イスラエルのコマンド部隊が、レバノン南部の領土に進入した、というニュースが伝わってきた、しかし、あまり派手な動きはせず、イスラエルのコマンド部隊が実践の緊張感を、体験することに目的が、あったのかもしれない。
イスラエルは2006年のヘズブラとの戦争以来、本格的な戦闘体験を持っていない。つまり、平和なぬるま湯の中での生活が、既に5年も続いているということだ。その間には、現役だった指揮官の何人もが、既にリタイヤしているものと思われる。
そのために、実戦に近い緊張感を体験させることにより、イスラエル兵と指揮官に、実戦に向けての度胸をつけ、そのなかでの冷静さを保つことを、実感させようとしたのではないか。
イスラエル政府がこうまでもして、実戦に備えなければならないのには、それなりの理由がある。イスラエルとレバノンのヘズブラとの間で、戦闘が起こり、それが戦争規模にまで、拡大する危険性があるのだ。
現在、イスラエルとレバノンとの間には、海底ガス資源をめぐり、利害の対立が発生しており、それが何時戦争状態まで、発展するか分からない。
加えて、アメリカ政府はヘズブラ・メンバーが、レバノン政府から離脱しない限り、援助を削減すると言い出している。また故ハリーリ・レバノン首相の暗殺では、ヘズブラのメンバーが容疑者だ、と断定してもいる。つまり、アメリカ政府はヘズブラを、危険なテロ集団とみなし、これをレバノン政府内部から、排除しようという意思を、明確に伝えているのだ。
そのことは述べるまでも無く、イスラエルの利害と一致しているのだ。したがって、ヘズブラのアメリカの立場に対する反発は、イスラエルに対する反発と同じ意味を持ち、実際に武力衝突が起こるのは、アメリカが相手ではなく、イスラエルということになる。
シリアの内紛への直接間接的な、アメリカとイスラエルの関与も、ヘズブラにとっては極めて、不愉快なことであろう。イランに対するイスラエルとアメリカの、核兵器開発非難もヘズブラには、不快であろう。そうであるとすれば、イスラエルはヘズブラが突発的に、仕掛けてくるかもしれない戦争に、備える必要があるということだ。
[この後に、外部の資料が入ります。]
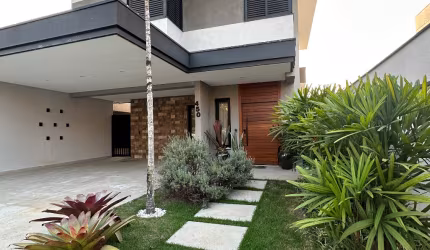 Sobrado com vista em condomínio no urbanova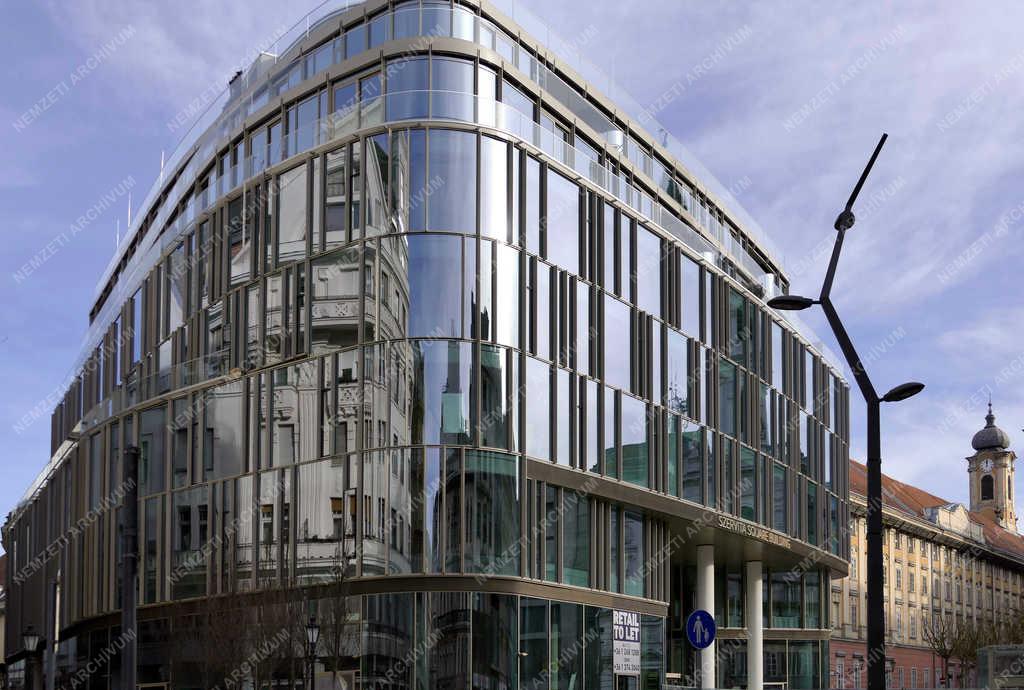 Városkép - Budapest - A Szervita Square Building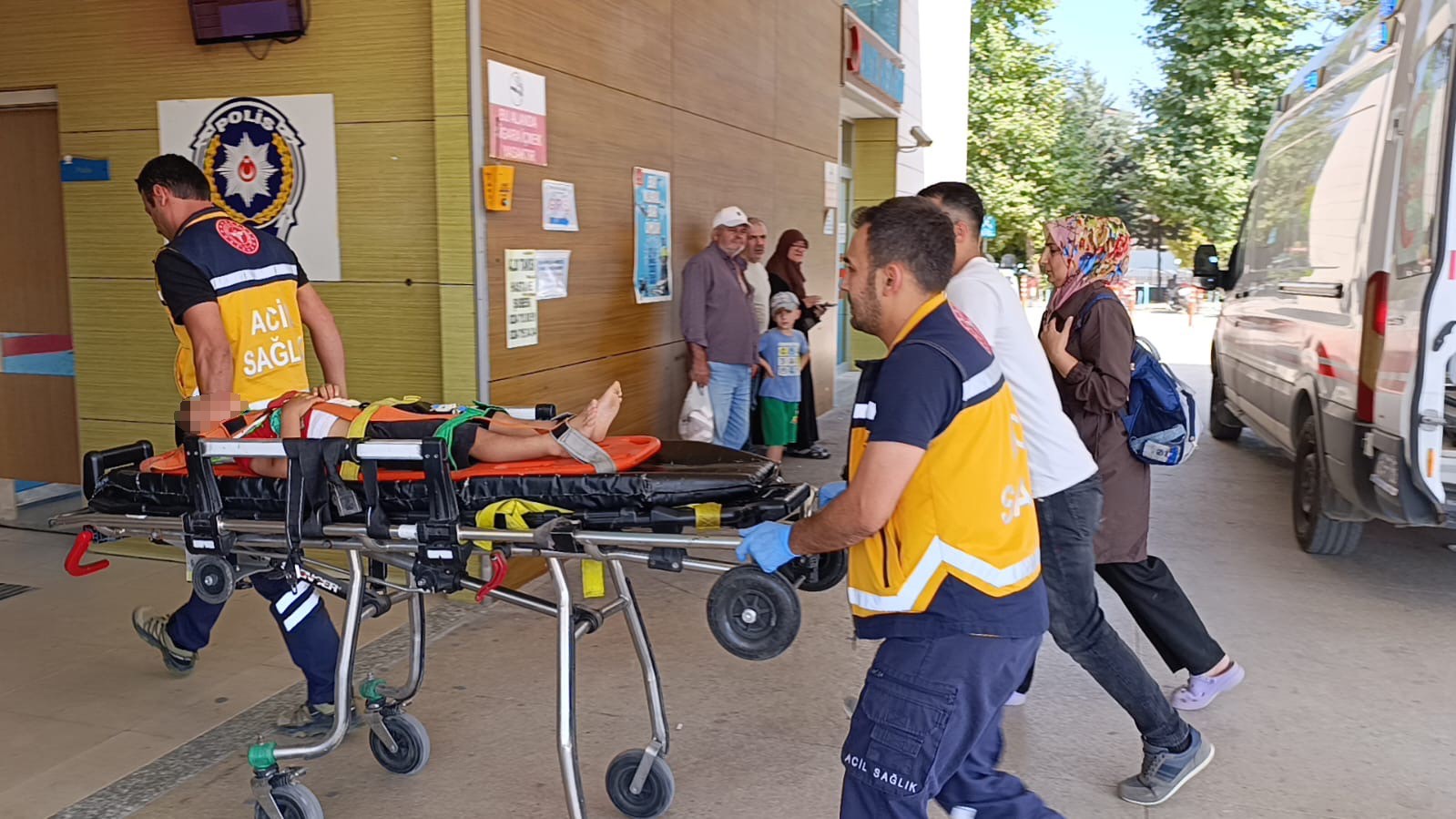 4 yaşındaki çocuk balkondan düştü
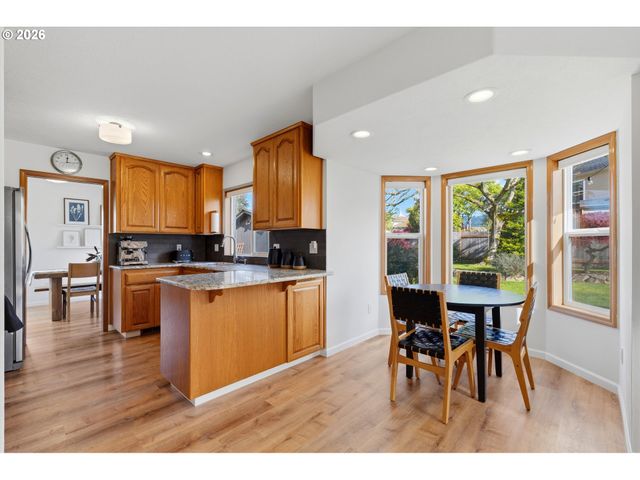 2101 N THORNE St, Newberg, OR 97132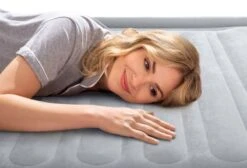 Intex Comfort Plush Hoog Luchtbed - Queensize - Ingebouwde Elektrische Pomp -Buiten Kamperen Verkoop 1320 1900 64414 inuse4 2022 300
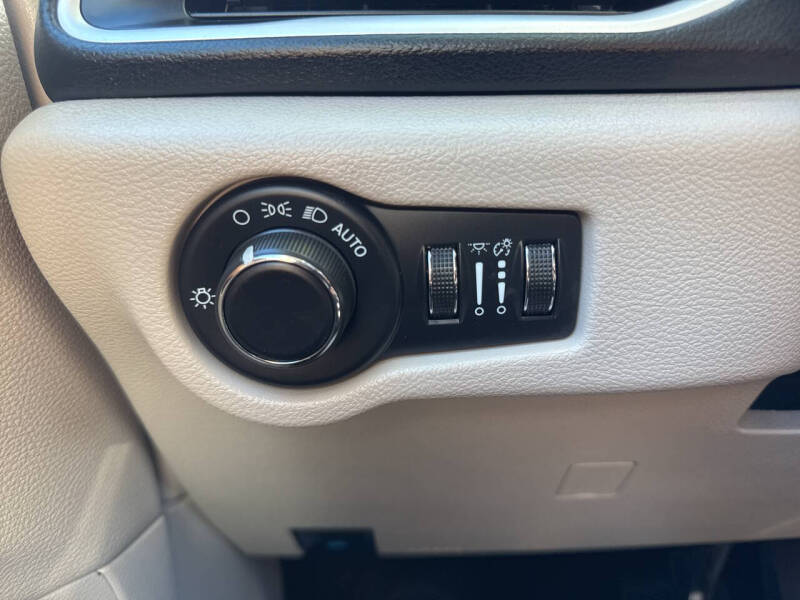 2024 Chrysler Voyager LX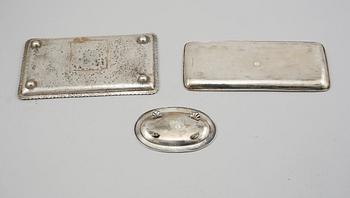 PENNFAT, 2 st, samt NÅLFAT, silver, 1900-talets första hälft, 395 gram.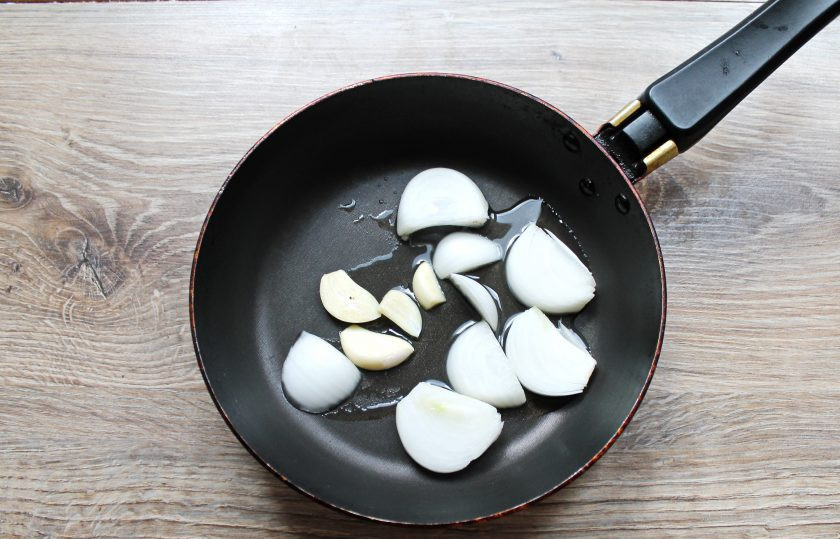 1. Этап. Шоколадный соус к мясу: Репчатый лук и чеснок очистите и порежьте на пластинки. В сковороду налейте растительное масло, выложите лук и чеснок. Обжаривайте на медленном огне в течение 5-10 минут до мягкости овощей.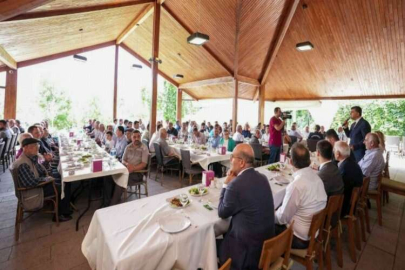 Fadıloğlu, şehit babaları ve kurum müdürlerinin babalar gününü kutladı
しかも、そのヘズブラは2006年に起こった、イスラエル・ヘズブラ戦争の時期よりも、多くの兵器を揃えており、何倍も強化されているというのだ。そのため、次に起こるイスラエル・ヘズブラ戦争では、イスラエルのテルアビブ市に到達できる、ミサイルが何十発も発射されることを、想定しなければなるまい。
だからこそ、イスラエルはレバノン南部に軍事侵攻し、相手の反応を見たのであろう。もちろん、そのことはヘズブラに、戦闘意志を固めさせることにも繋がるのだが、、、。悪循環とはこういうことを言うのだろうか。